CIRCT aims to make hardware compiler development more agile, enabling researchers and engineers to experiment with new optimizations and hardware dialects.
- Install CIRCT tools in a docker image.
- Compile a hardware design to CIRCT IR.
- Apply CIRCT optimization passes.
- Generate an output circuit for verification/implementation.
git clone https://github.com/cowardsa/CIRCT_TUTORIAL_2026
cd CIRCT_TUTORIAL_2026
Then either:
- Docker Option (may need sudo)
docker build -t circt .
docker run -it circt
- VSCode + Dev Container Option
code .
Ctrl+Shift+P
Dev Containers: Reopen in Container
From within the docker container you should now be able to use CIRCT's pre-built tools.
circt-opt --version should produce:
LLVM (http://llvm.org/):
LLVM version 23.0.0git
Optimized build.
CIRCT firtool-1.147.0
// rtl/fma.sv
module fma (
input wire [3:0] a,
input wire [3:0] b,
input wire [3:0] c,
output wire [8:0] d
);
assign d = (a * b) + (c * 1'd1);
endmoduleSystem Verilog feature support in circt-verilog documented at sv-tests.
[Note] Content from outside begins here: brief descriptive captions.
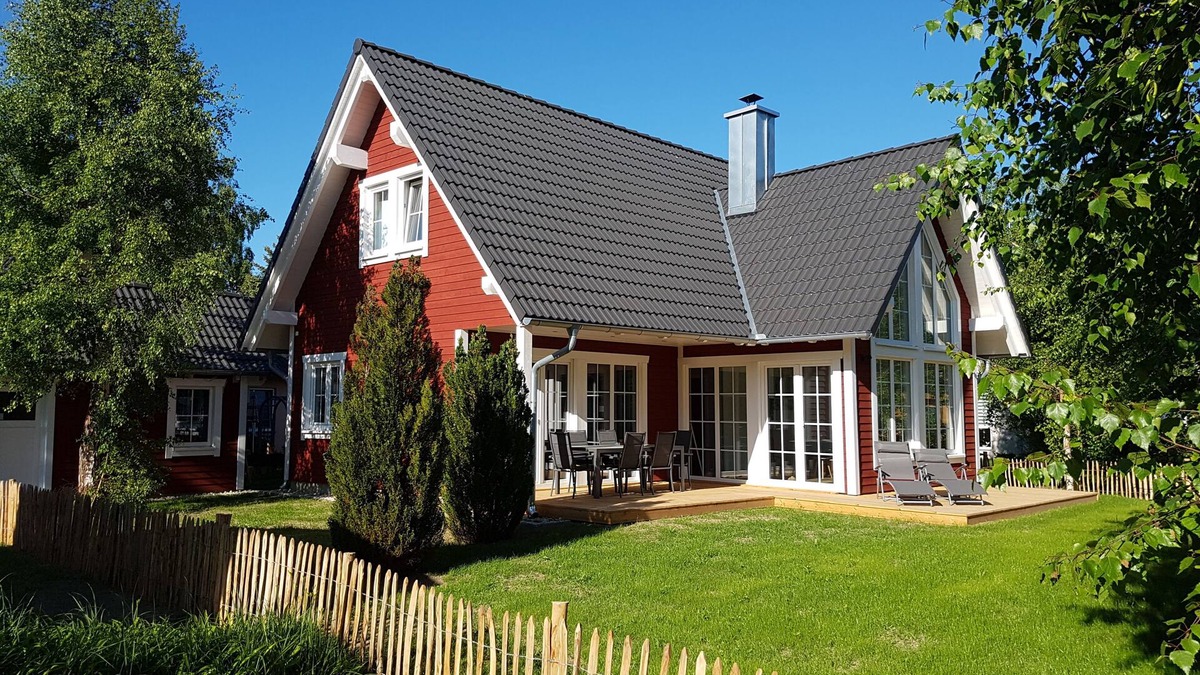 Trassenheide House | Landhaus Birka - a family dream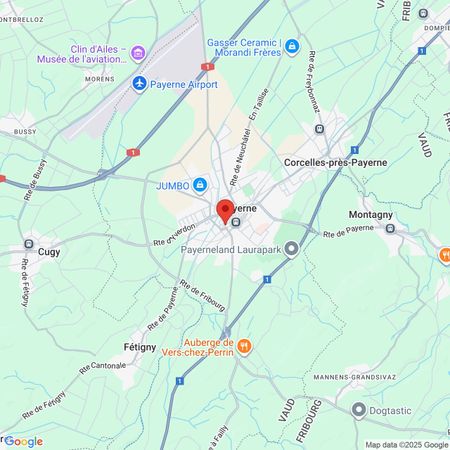 3.5 room apartment for rent in Payerne. - Photo 5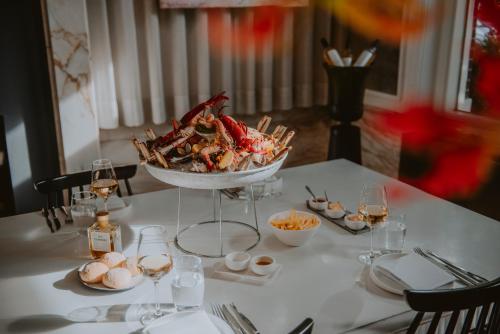 Restaurant, Boutique Hotel MANNA - Quality Lodgings in Nijmegen sentrum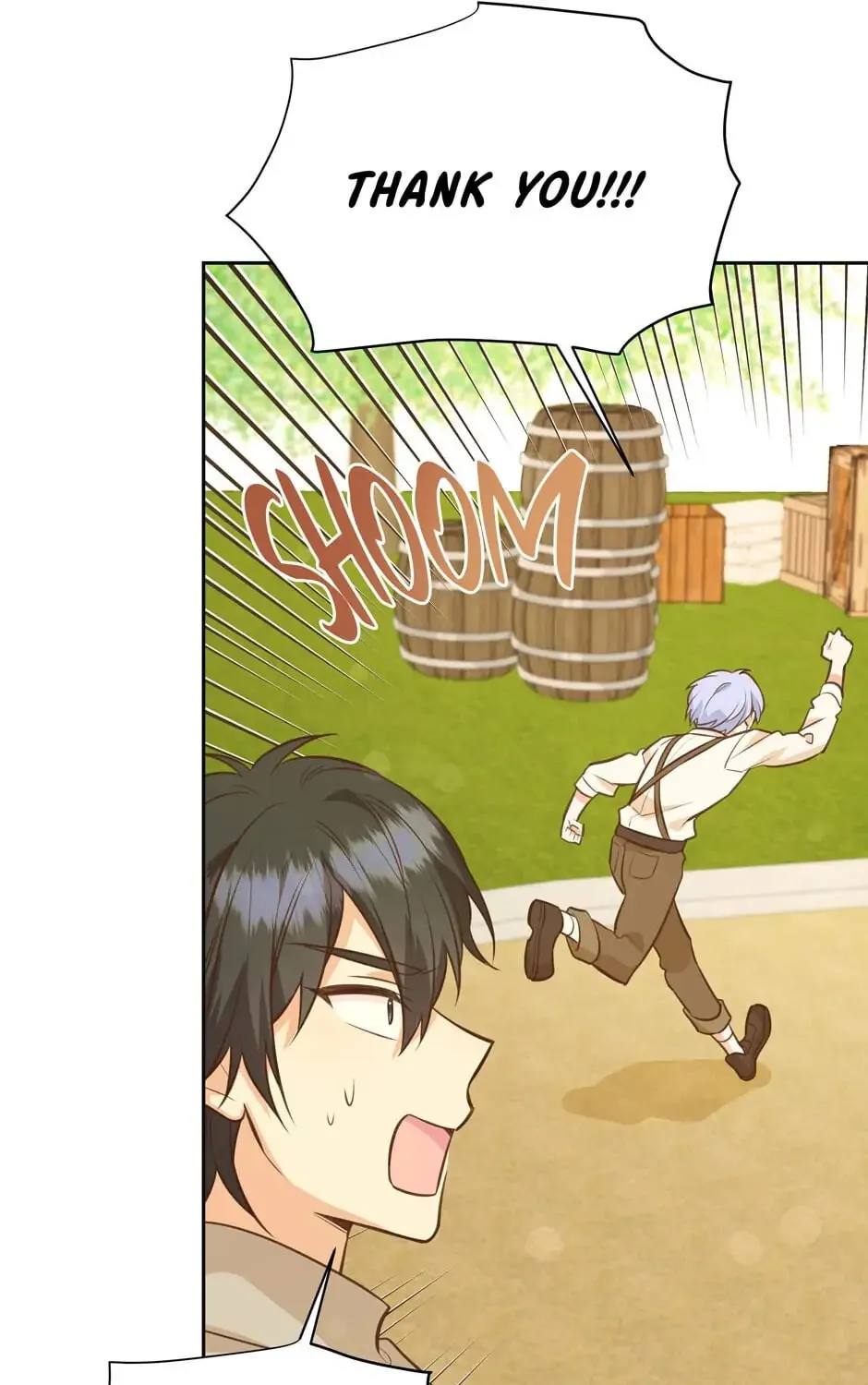 Read Side Characters Deserve Love Too chapter 33 image 17 on Lezhin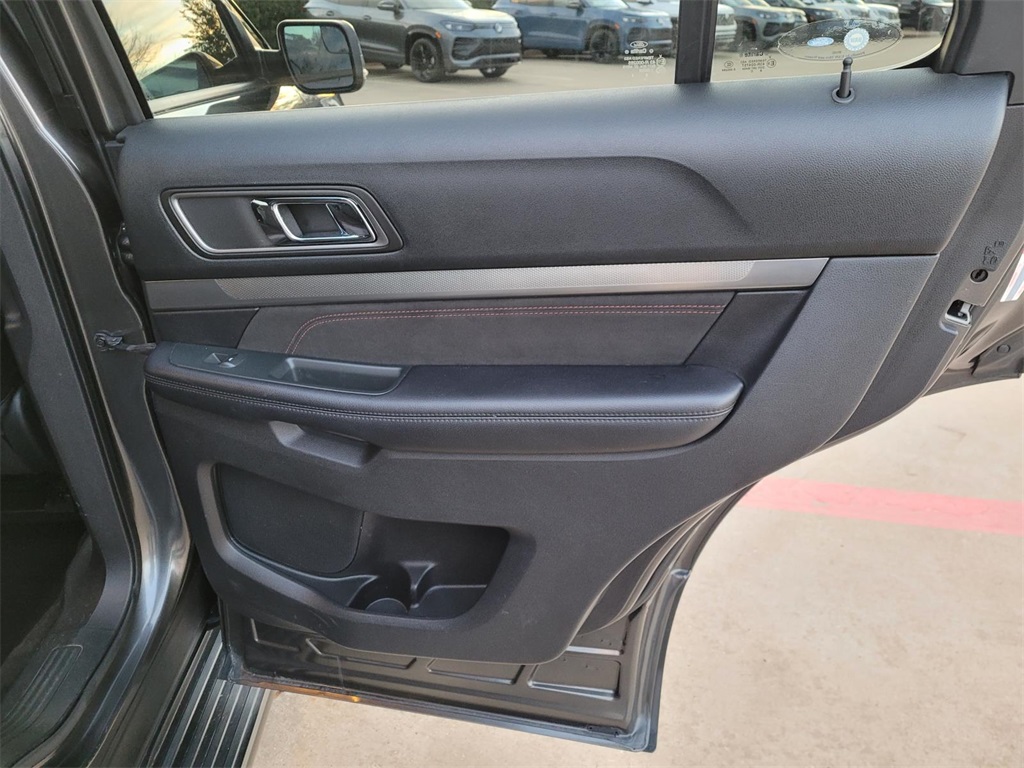 used 2018 Ford Explorer car, priced at $15,500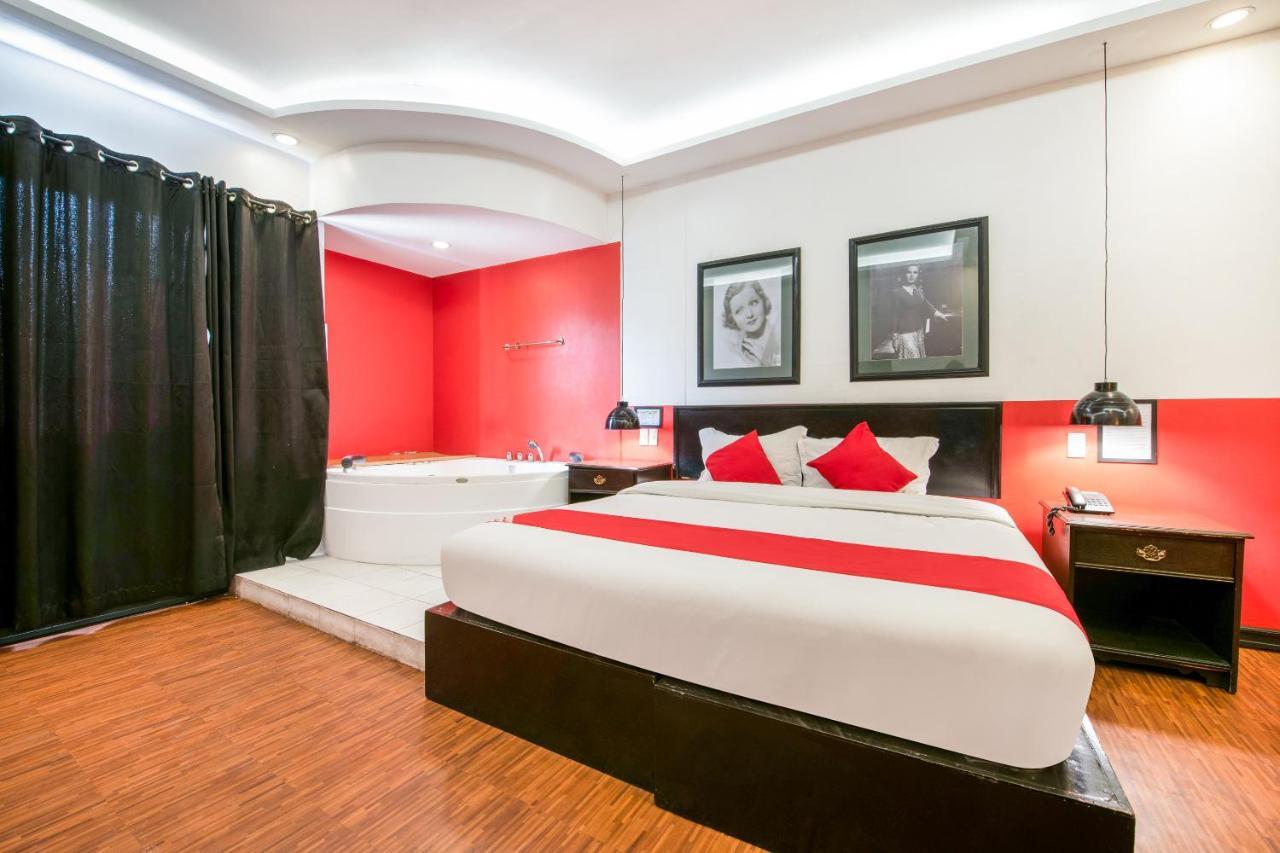 Oyo 432 Diamondwood Hotel Анхелес Экстерьер фото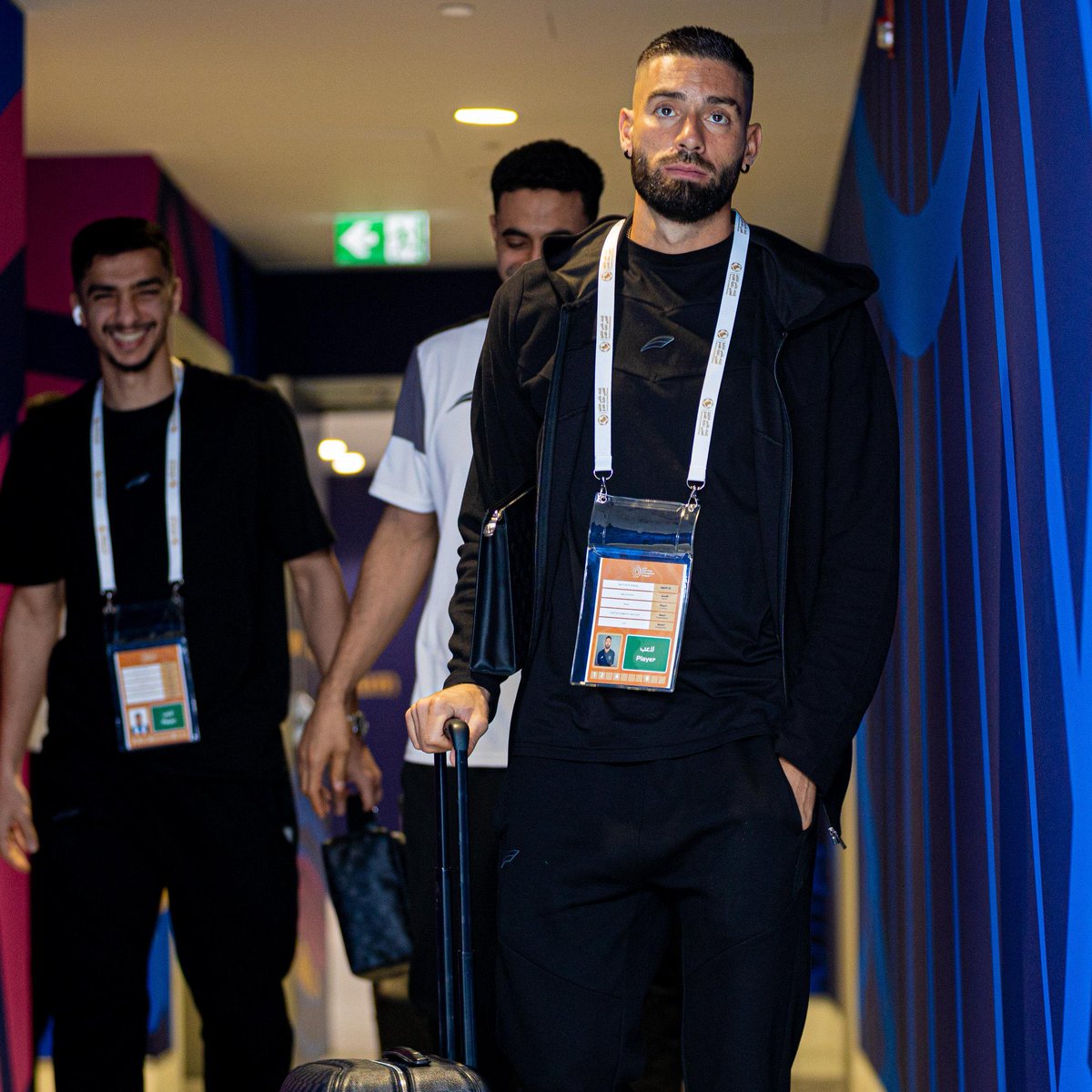 Carrasco World tweet media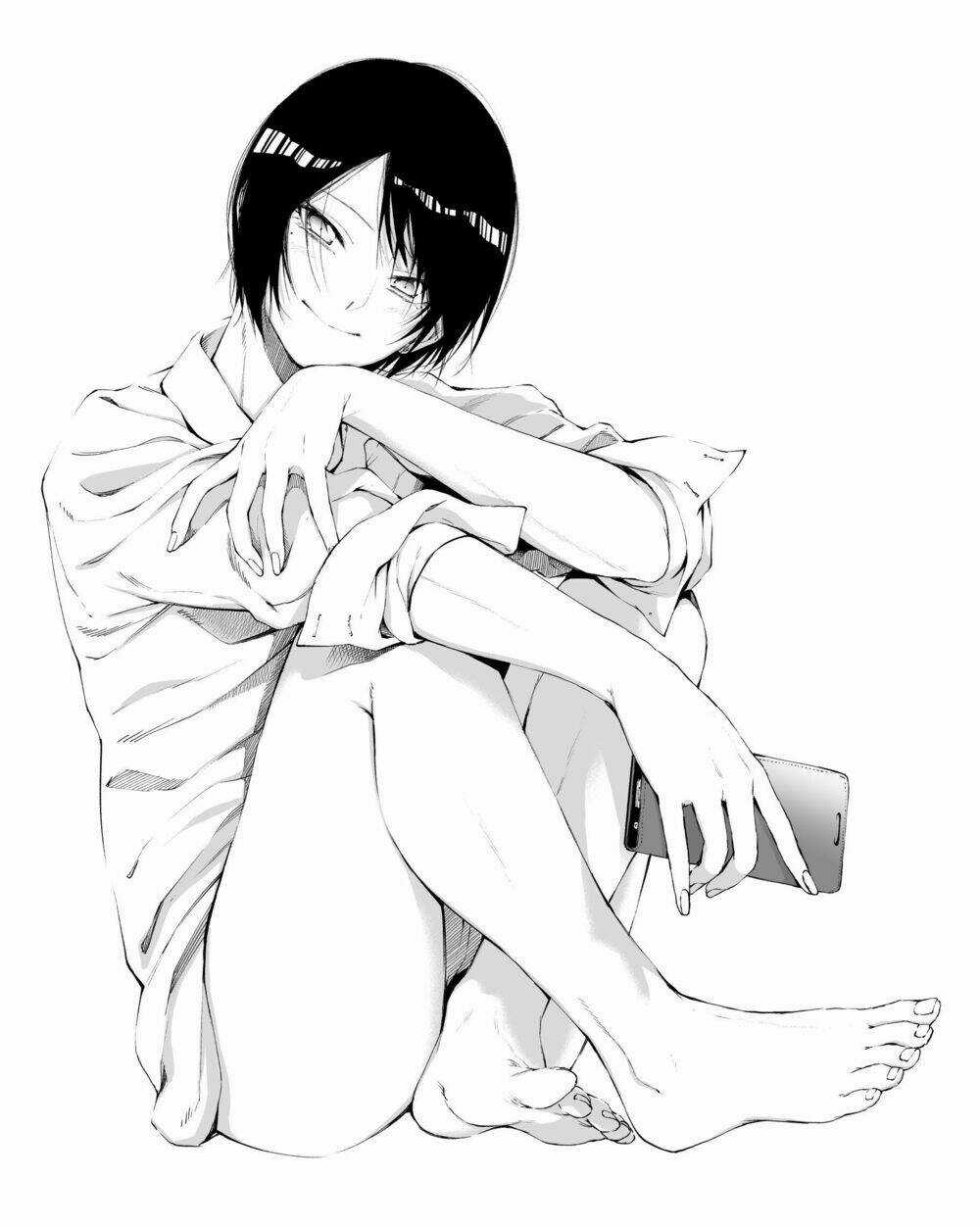 Senpai×Kouhai Chapter 11.1 trang 23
This is an ongoing effort.
circt-verilog rtl/fma.sv
module {
hw.module @fma(in %a: i4, in %b: i4, in %c: i4, out d: i9){
%c0_i5 = hw.constant 0 : i5
%0 = comb.concat %c0_i5, %a : i5, i4
%1 = comb.concat %c0_i5, %b : i5, i4
%2 = comb.mul %0, %1 : i9
%3 = comb.concat %c0_i5, %c : i5, i4
%4 = comb.add %2, %3 : i9
hw.output %4 : i9
}
}- comb dialect: combinational logic (add, xor)
- hw dialect: structural hw (modules, ports)
i4,i5, etc. are types from MLIR
To save the output to a file:
circt-verilog rtl/fma.sv -o rtl/fma.mlir
- CIRCT is a compiler stack - it's all passes!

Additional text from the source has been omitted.